* DATA PROVIDED *
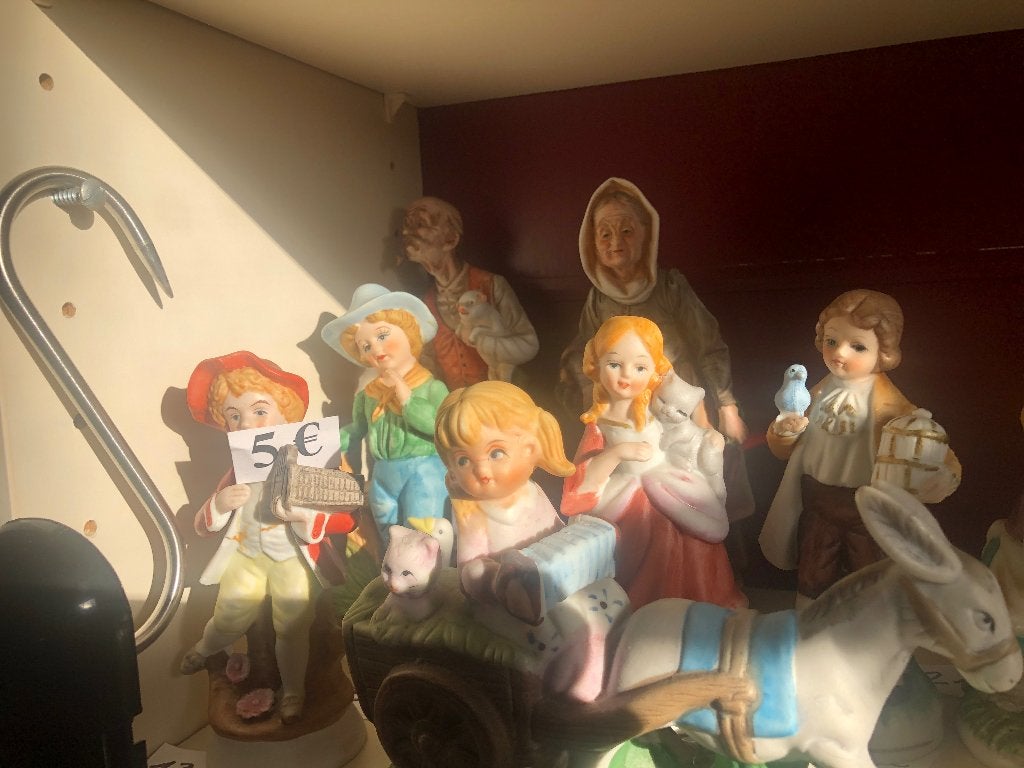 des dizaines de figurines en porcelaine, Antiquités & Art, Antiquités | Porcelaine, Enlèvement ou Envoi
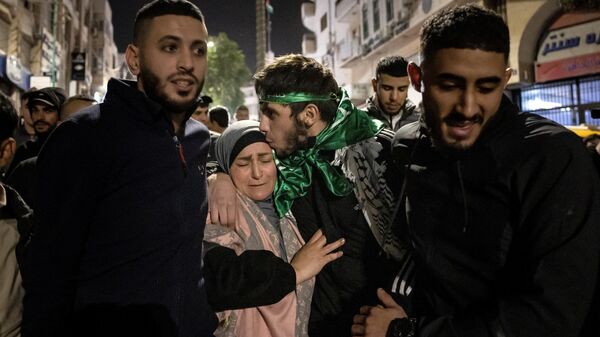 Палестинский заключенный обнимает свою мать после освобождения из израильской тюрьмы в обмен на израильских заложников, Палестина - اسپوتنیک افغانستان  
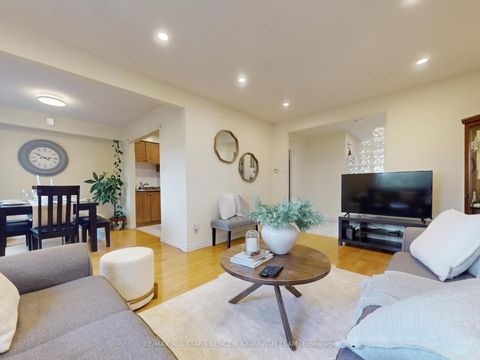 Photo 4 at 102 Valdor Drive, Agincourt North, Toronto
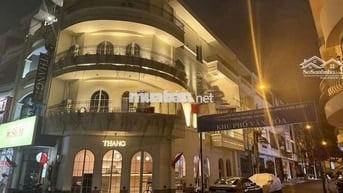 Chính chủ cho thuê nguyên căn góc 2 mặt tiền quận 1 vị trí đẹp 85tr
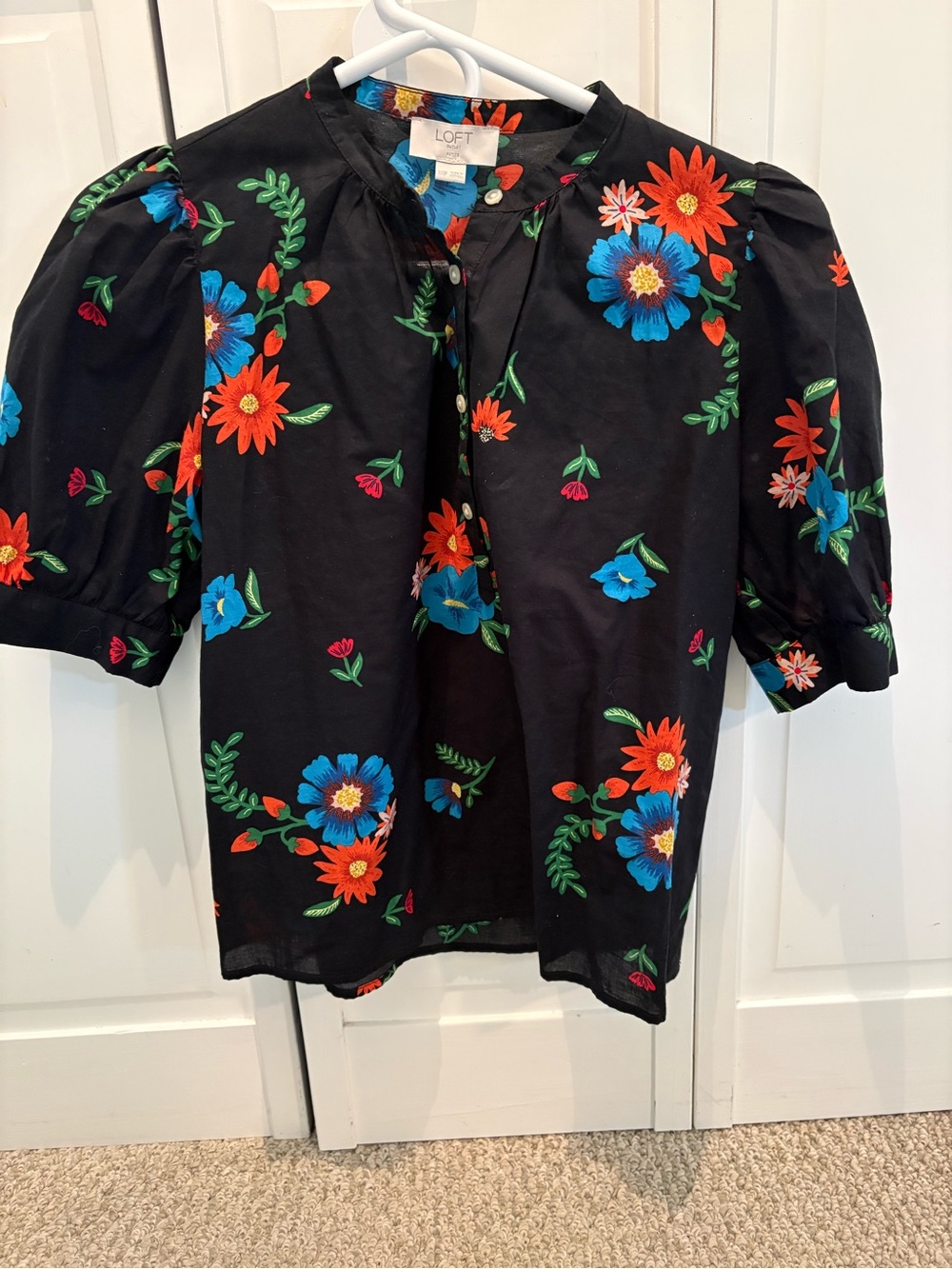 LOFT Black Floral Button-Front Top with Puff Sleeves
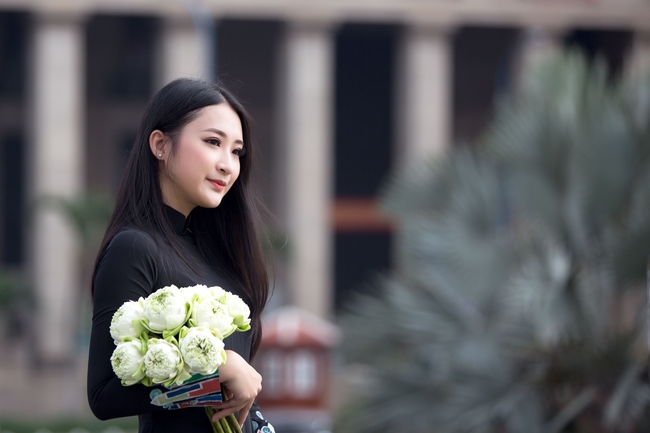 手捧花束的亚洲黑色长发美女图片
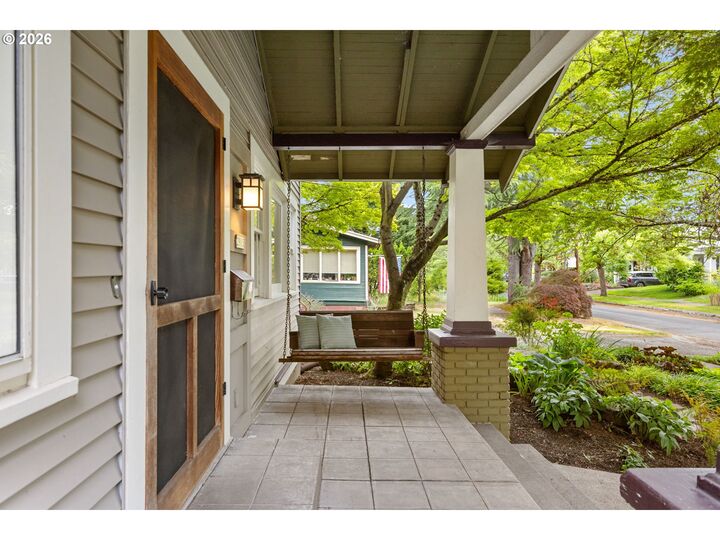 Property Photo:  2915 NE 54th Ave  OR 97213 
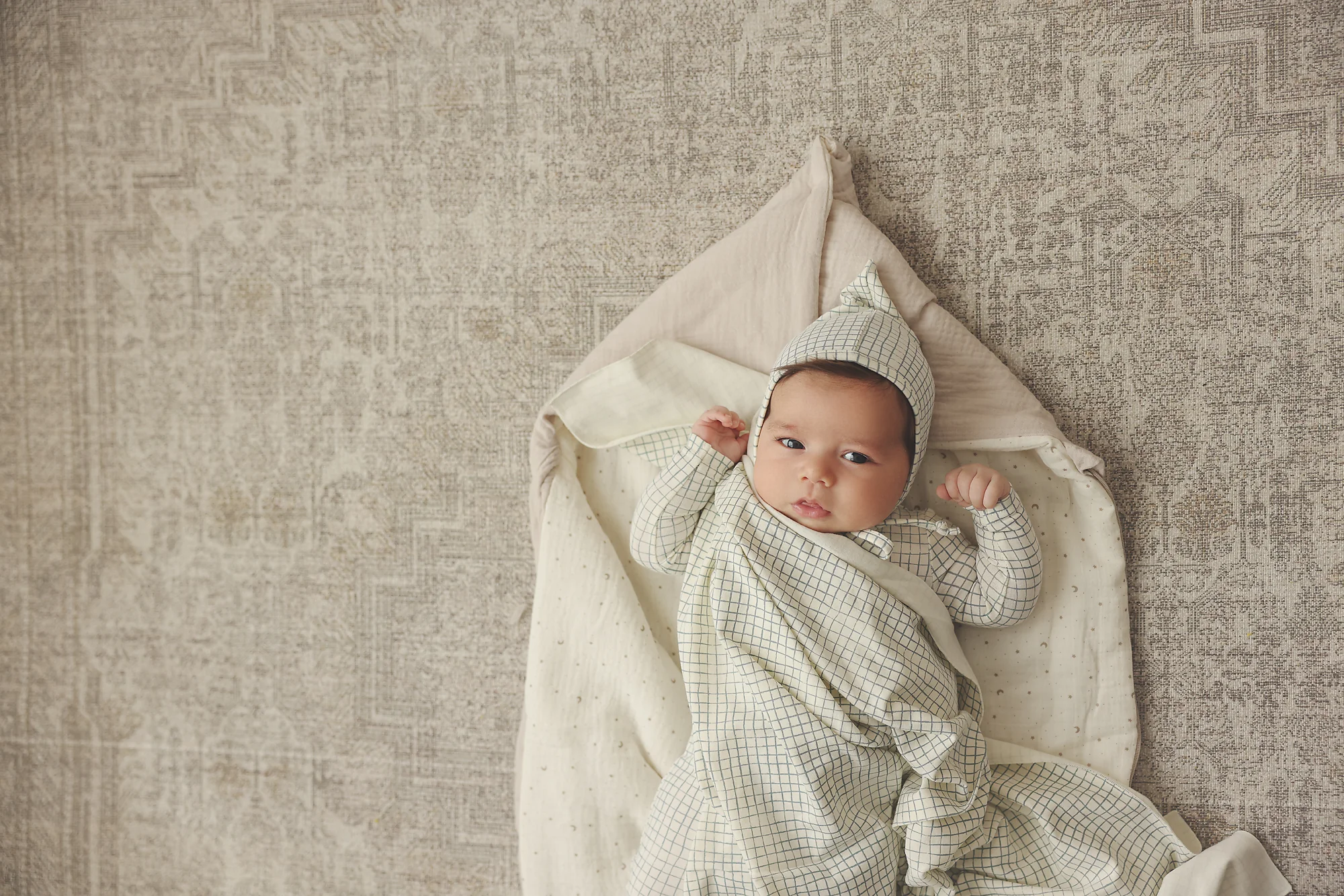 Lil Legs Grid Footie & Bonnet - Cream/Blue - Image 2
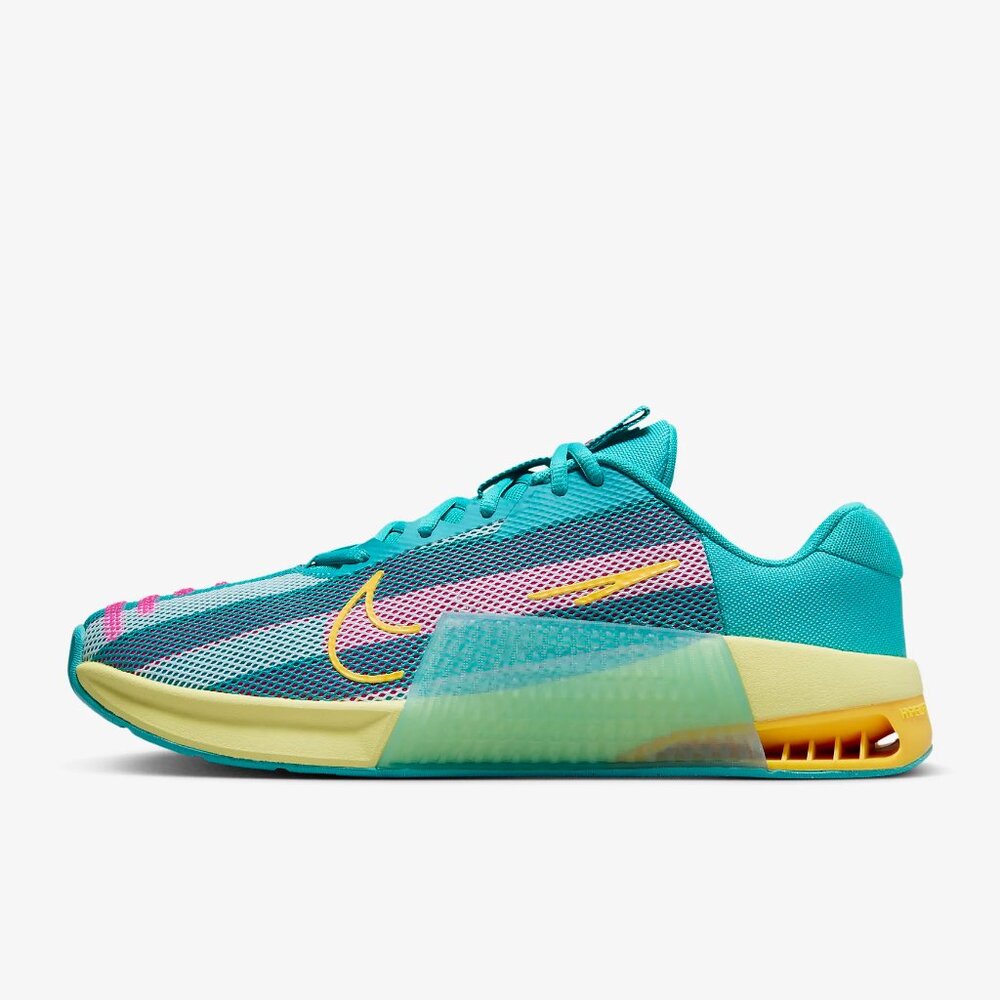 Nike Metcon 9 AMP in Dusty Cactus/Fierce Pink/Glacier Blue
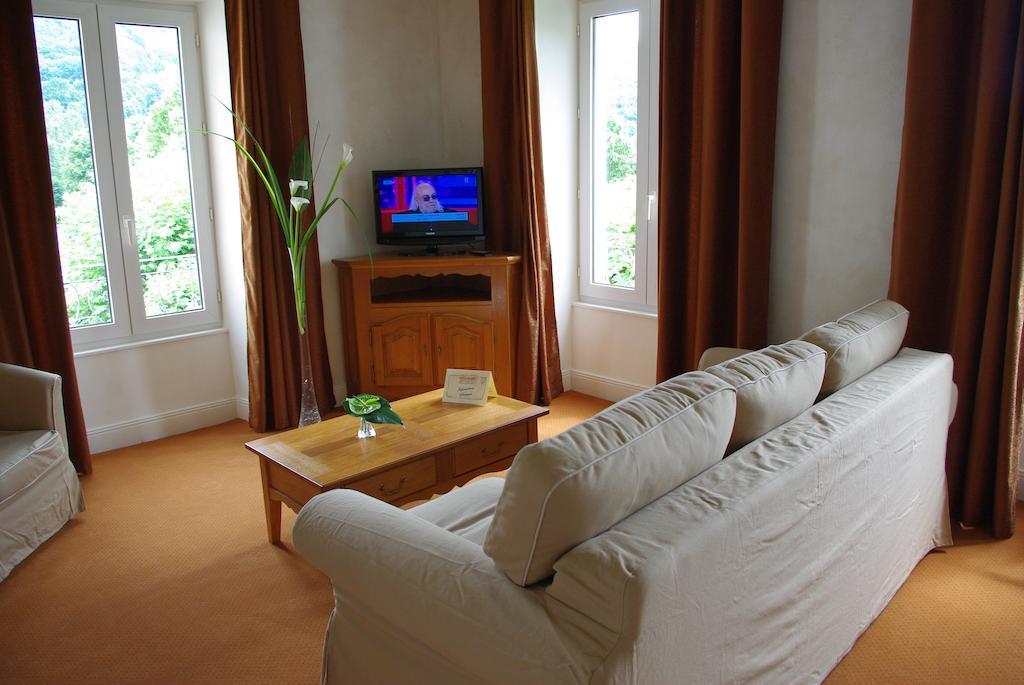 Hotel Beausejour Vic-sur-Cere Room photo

* TASK OBJECTIVE *
Once the line holding "Chính chủ cho" is found, set down that line and every line after it, exactly, through the last line of the records above, omitting pictures.

* RESULT FOR THIS EXERCISE *
 Chính chủ cho thuê nguyên căn góc 2 mặt tiền quận 1 vị trí đẹp 85tr
 LOFT Black Floral Button-Front Top with Puff Sleeves
 手捧花束的亚洲黑色长发美女图片
 Property Photo:  2915 NE 54th Ave  OR 97213 
 Lil Legs Grid Footie & Bonnet - Cream/Blue - Image 2
 Nike Metcon 9 AMP in Dusty Cactus/Fierce Pink/Glacier Blue
 Hotel Beausejour Vic-sur-Cere Room photo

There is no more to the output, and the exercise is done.